## Problem to work on
Copying task for the records below: reproduce each one exactly and drop the pictures.

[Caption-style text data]
----

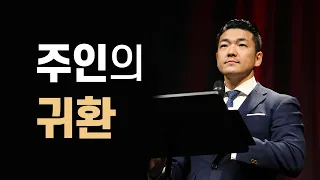 주인의 귀환 - 다니엘김 목사(선교사) 설교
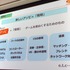 【CEDEC 2017】ゲームの特許は難しくない！だれでもわかる効果的なゲーム特許の取得方法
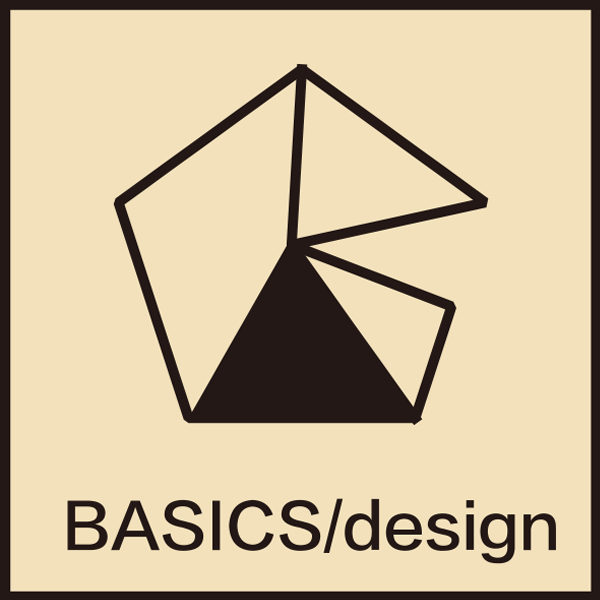 Basics Design    IP基礎應用設計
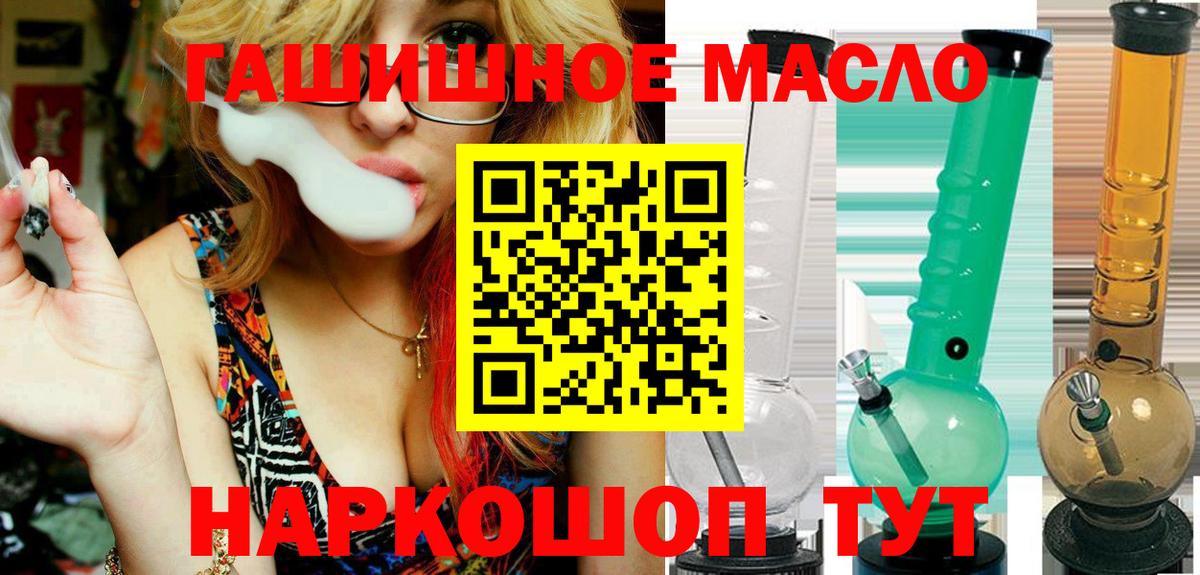 Дистиллят ТГК вейп Казань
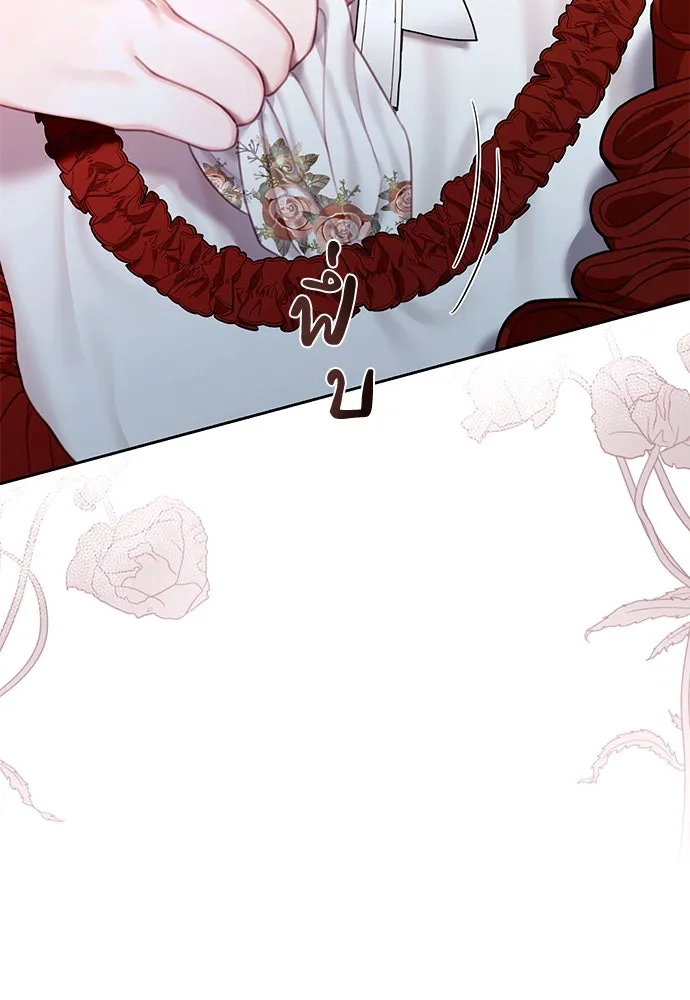 สาวใช้อย่างฉัน ขอเลือกหันหลังให้นาย ตอนที่ 2 รูปที่ 92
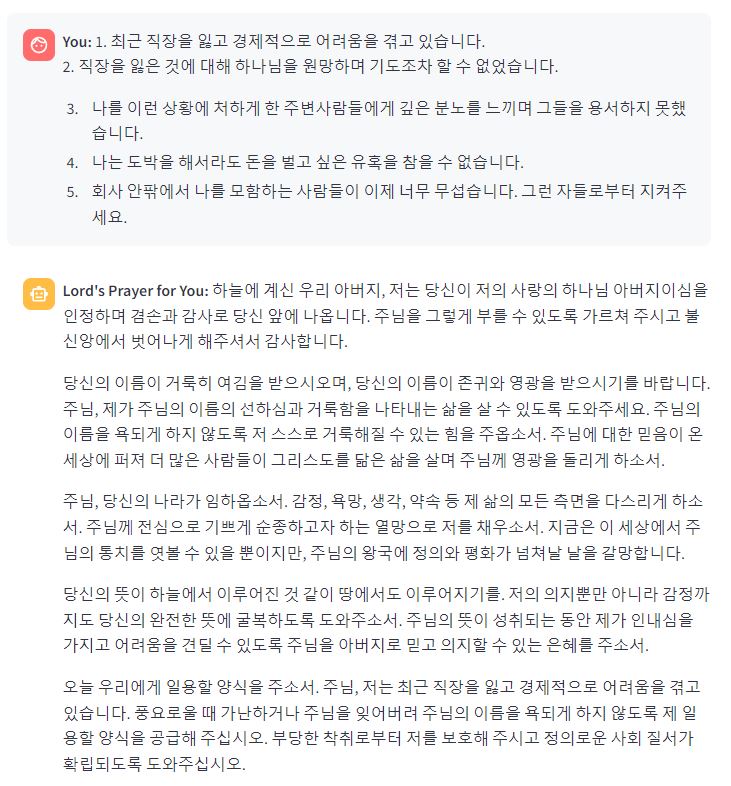 당신만을 위한 주기도문 스크린샷 2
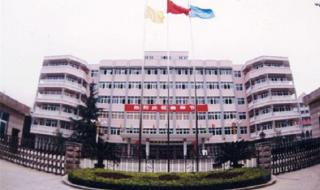 郑州铁路职业学校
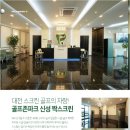 짝 스크린골프 이미지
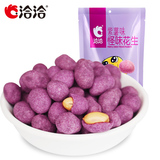 【天猫超市】洽洽紫薯花生200g 休闲零食小吃 恰恰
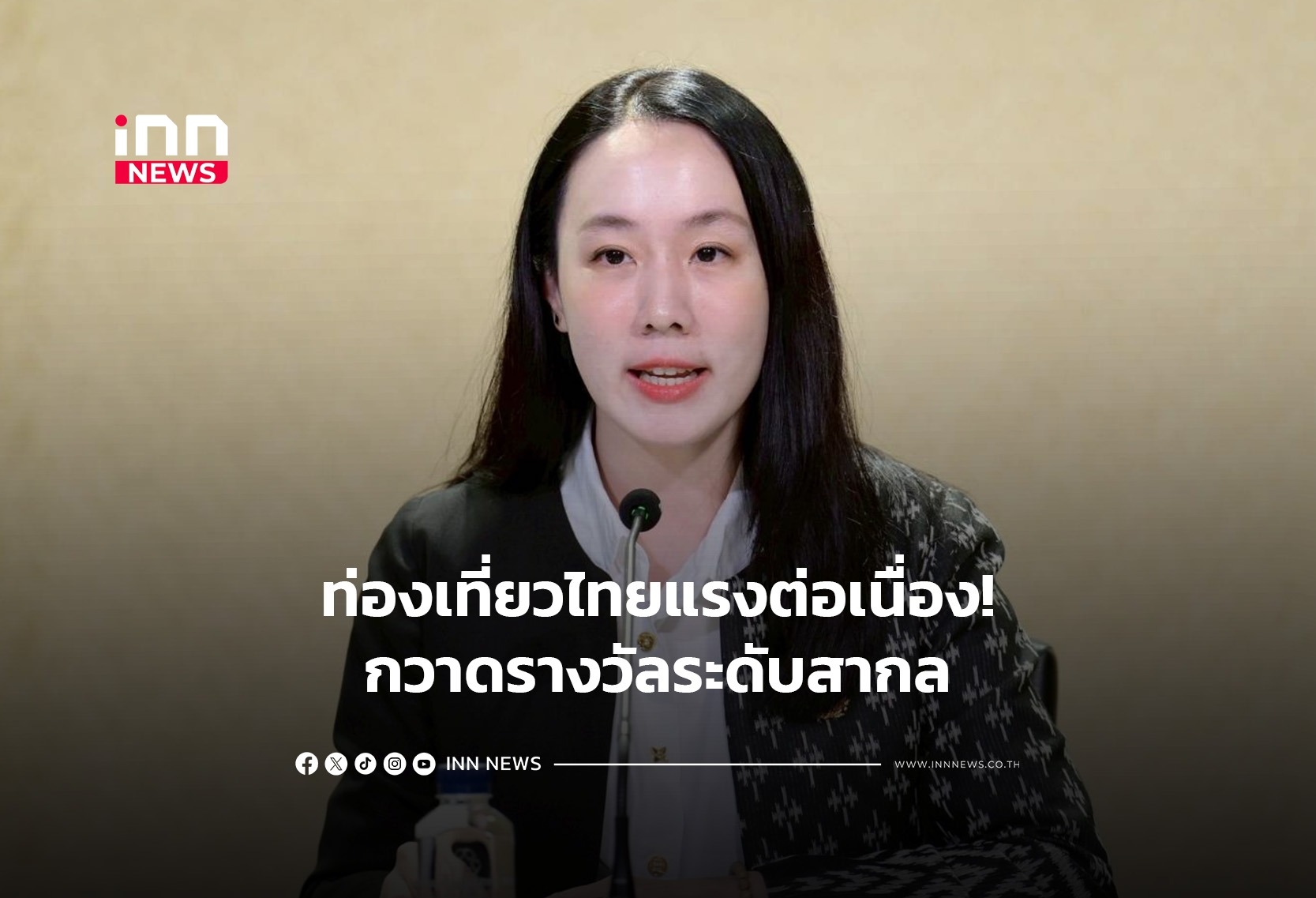 ท่องเที่ยวไทยแรงต่อเนื่อง!กวาดรางวัลระดับสากล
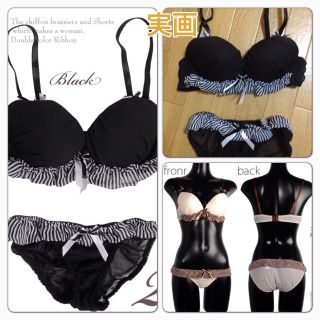 新品♡ストライプ♡ブラ＆ショーツセット♡(セット/コーデ)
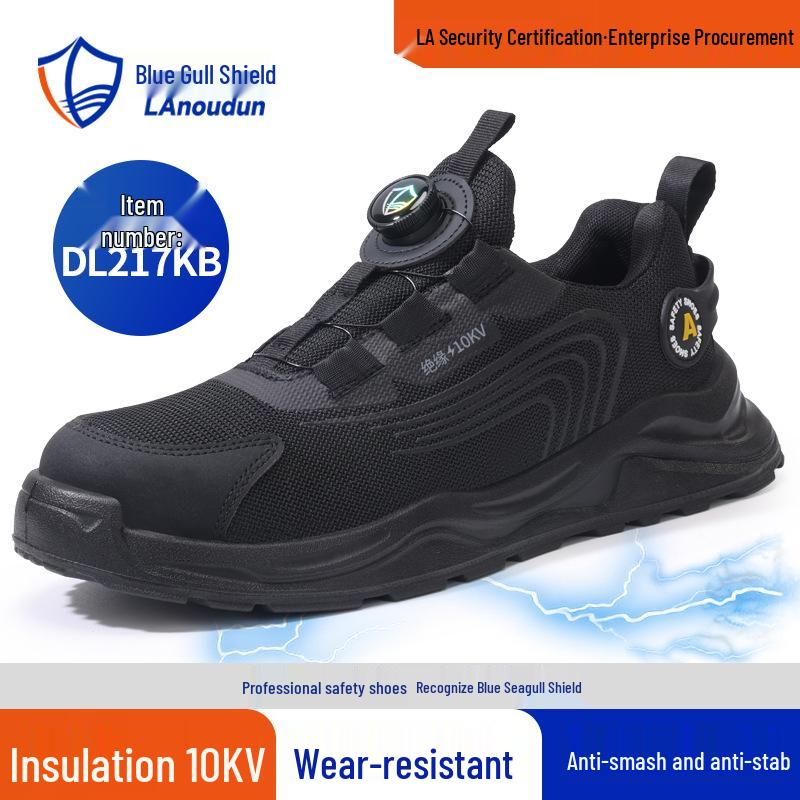 Blue Gull Shield Insulated Safety Shoes for Men - 10KV Electrician, Anti-Smash, Anti-Puncture, Carbon Fiber/Fiberglass Toe.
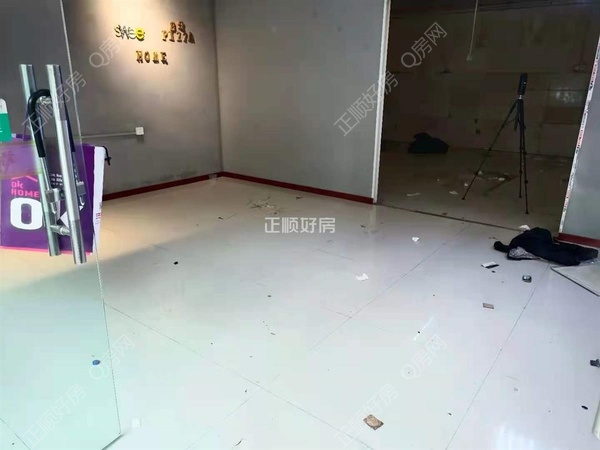 VR看房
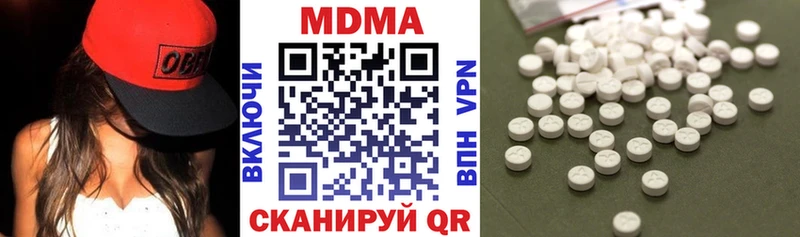 МДМА Molly  Усолье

----

## Written solution
 주인의 귀환 - 다니엘김 목사(선교사) 설교
 【CEDEC 2017】ゲームの特許は難しくない！だれでもわかる効果的なゲーム特許の取得方法
 Basics Design    IP基礎應用設計
 Дистиллят ТГК вейп Казань
 สาวใช้อย่างฉัน ขอเลือกหันหลังให้นาย ตอนที่ 2 รูปที่ 92
 당신만을 위한 주기도문 스크린샷 2
 郑州铁路职业学校
 짝 스크린골프 이미지
 【天猫超市】洽洽紫薯花生200g 休闲零食小吃 恰恰
 ท่องเที่ยวไทยแรงต่อเนื่อง!กวาดรางวัลระดับสากล
 新品♡ストライプ♡ブラ＆ショーツセット♡(セット/コーデ)
 Blue Gull Shield Insulated Safety Shoes for Men - 10KV Electrician, Anti-Smash, Anti-Puncture, Carbon Fiber/Fiberglass Toe.
 VR看房
 МДМА Molly  Усолье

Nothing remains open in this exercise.